In a series of major studies, CGD’s China Initiative, led by Scott Morris, brought new evidence to shape and refocus the debate on China’s approach to debt sustainability, contact terms, and more.
The initiative’s work has received substantial, sustained global attention, been covered in more than a thousand news articles, including in leading global papers like the Wall Street Journal and Financial Times, and led to substantial engagement from both Western and Chinese officials.
After the publication of a 2018 paper that found that Belt and Road could leave a range of small countries at serious risk of debt distress, senior Chinese officials responded publicly and indicated they were working to address the issues raised by the research.

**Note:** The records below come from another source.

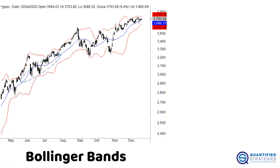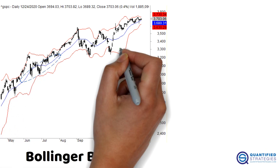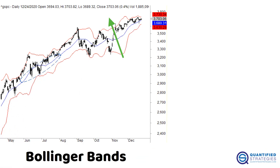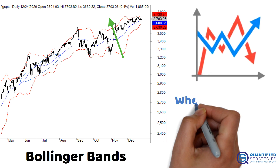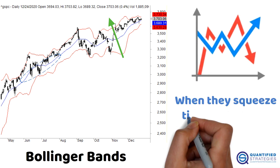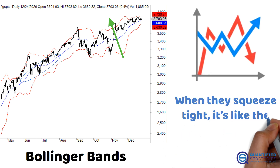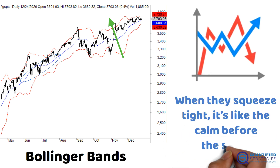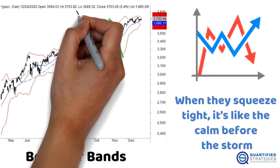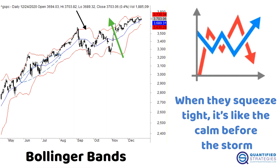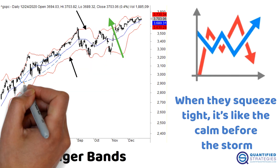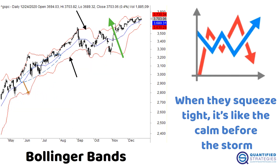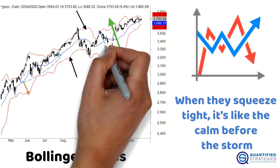Finally, Bollinger Bands. Picture a moving average with two bands around it. When the bands widen, volatility is up and big moves could be coming. When they squeeze tight, it's like the calm before the storm. Plus, if prices hit the upper or lower band, it might signal overbought or oversold conditions.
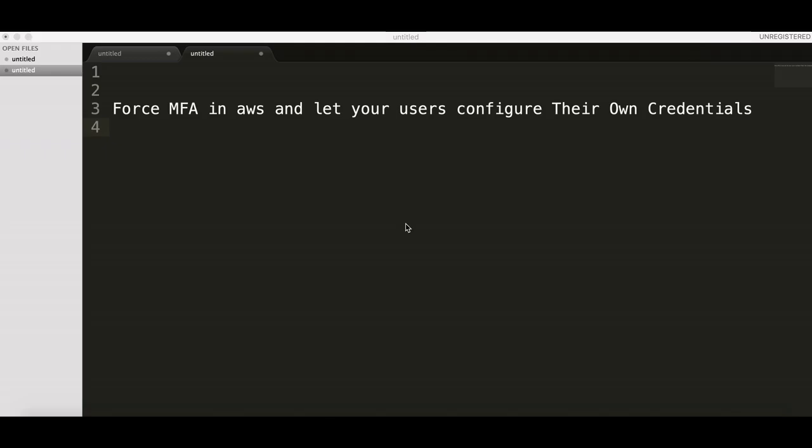Security does matter, and believe me it does even if you don't see it now. Today I'm going to talk about how to force multi-factor authentication in your AWS account and let your employees configure their own credentials, so you don't need to go through everyone in your company and tell them please enable MFA. If your employee doesn't enable his MFA, he will not be able to use any service in AWS.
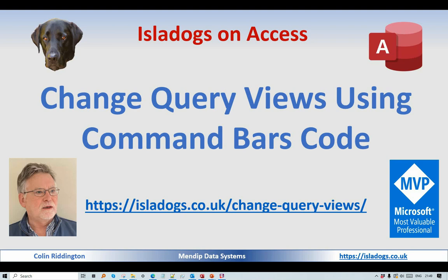Hello, today is a short video to accompany my article on changing query views using command bar code. You can see the URL here, and to explain the idea I thought I'd show you how you can loop through the different query views.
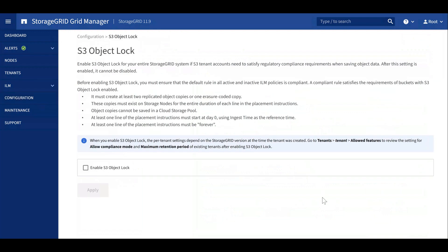Note that this setting cannot be disabled in the future and requires an ILM policy that does not delete data and provides adequate data protection.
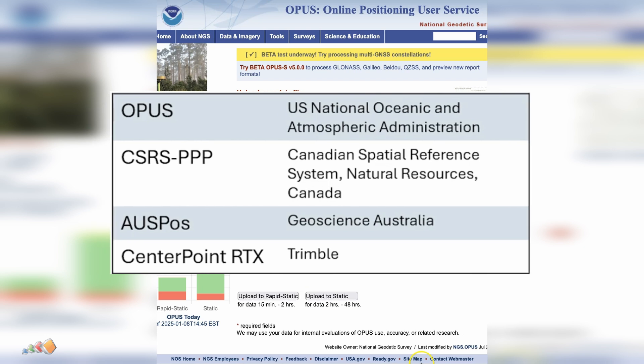Before we close out, I did want to mention that there are alternatives to OPUS depending on where you're located. There's the Canadian Spatial Reference System, Geoscience Australia, and also some commercial options such as the one provided by Trimble. I'll provide links to these in the description of this video. If you found this video helpful, don't forget to like, subscribe, and share it with others. Drop your questions in the comments and I'll see you in the next video.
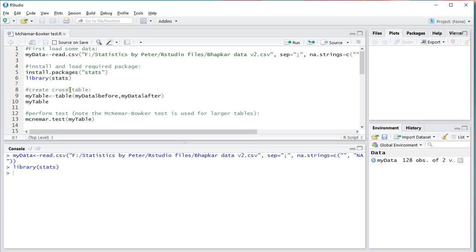First thing we need is a small cross table of the two variables that we want to include. In this case that's the before and after from my data, and I'm going to be storing that under my table.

The launch of a 2021 dataset and study on China’s contract terms, coauthored with other leading China experts, captured headlines around the world and led to testimony before a House Financial Services subcommittee, presentations before senior officials of at least six different countries.
Other major studies, including on China’s footprint at major multilateral institutions and on a comparison of China’s lending to the World Bank, received similar engagement. Morris has testified before Congressional committees and US agencies about China’s lending four separate times, and he fields regular questions from Congressional offices as a non-partisan expert.